# [Aim of the task]
Please give the listing again in full, leaving out its images.

# [Given material]
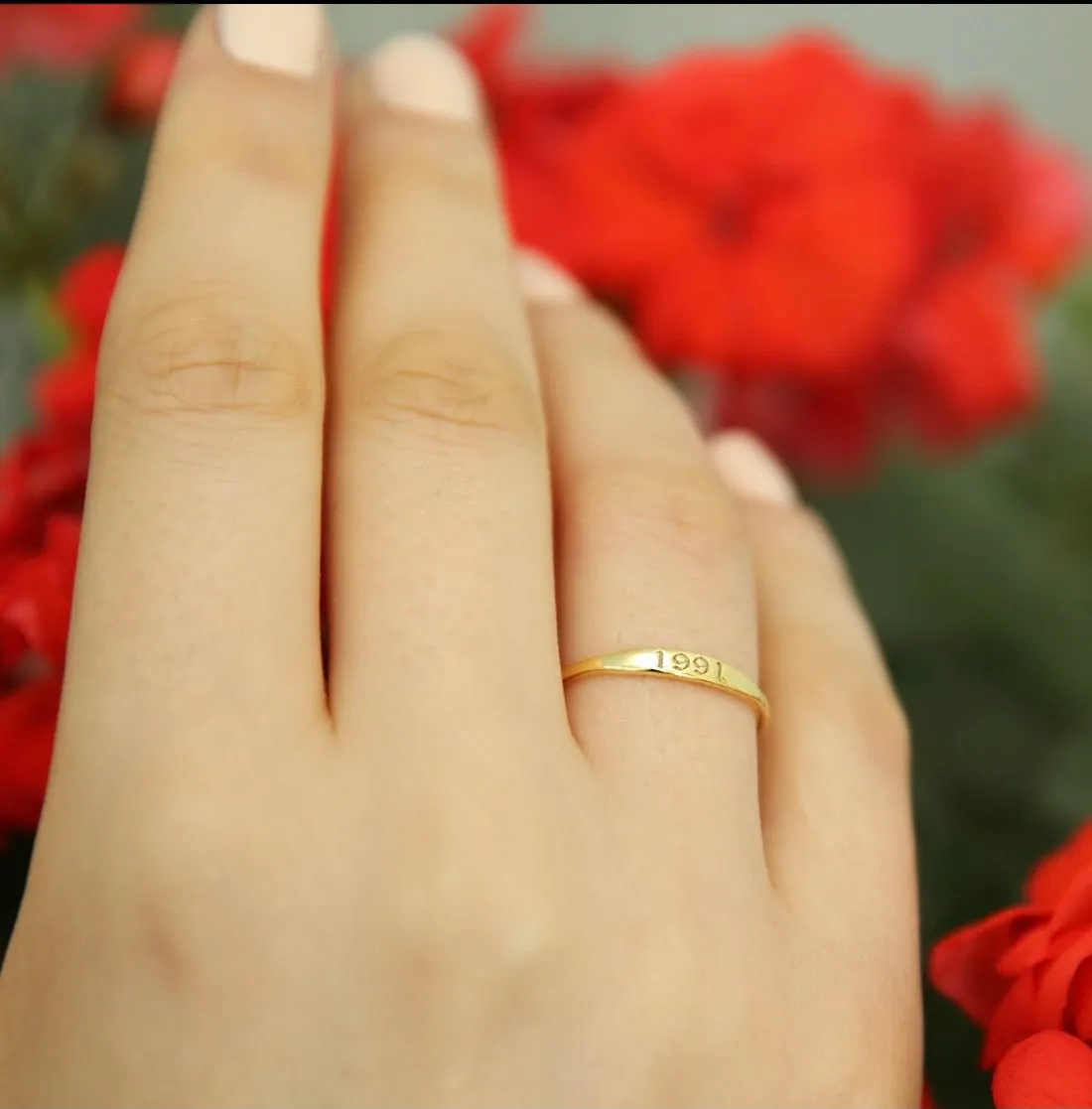 'Moment' Tiny Year Ring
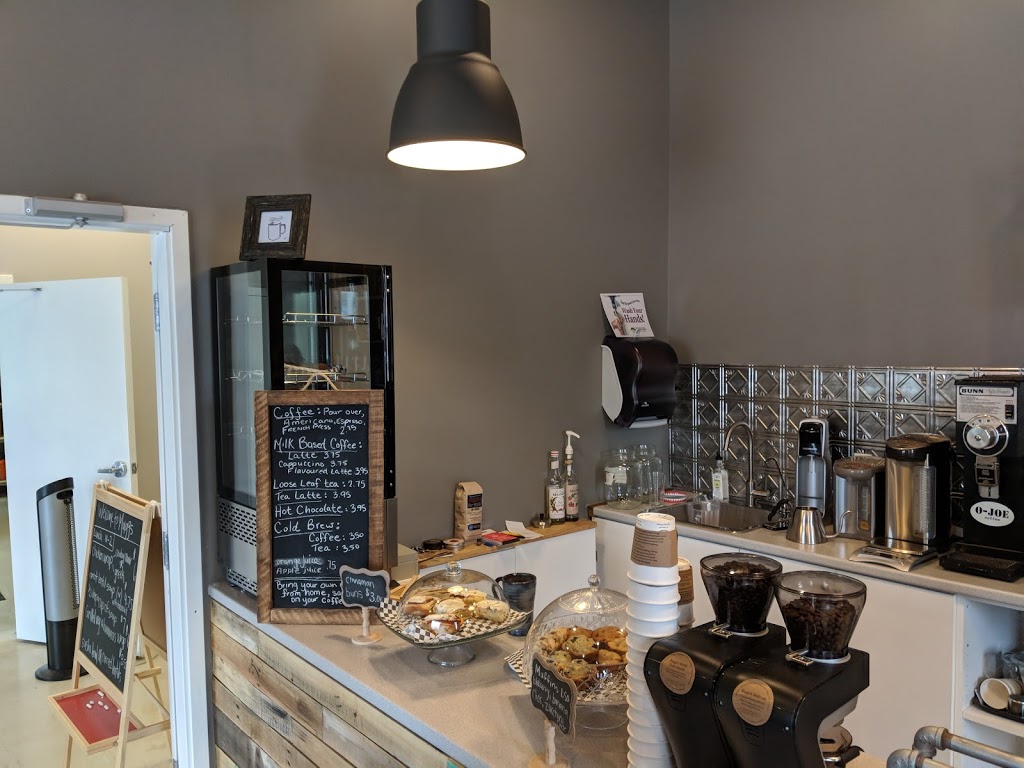 Muggs Coffee Bar & Clay Room | 75 Caradoc St S, Strathroy, ON N7G 2N5, Canada | Phone: (519) 245-8558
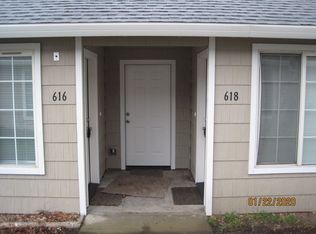616-618 E 9th St #9, Medford, OR 97504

# [Answer for this exercise]
 'Moment' Tiny Year Ring
 Muggs Coffee Bar & Clay Room | 75 Caradoc St S, Strathroy, ON N7G 2N5, Canada | Phone: (519) 245-8558
616-618 E 9th St #9, Medford, OR 97504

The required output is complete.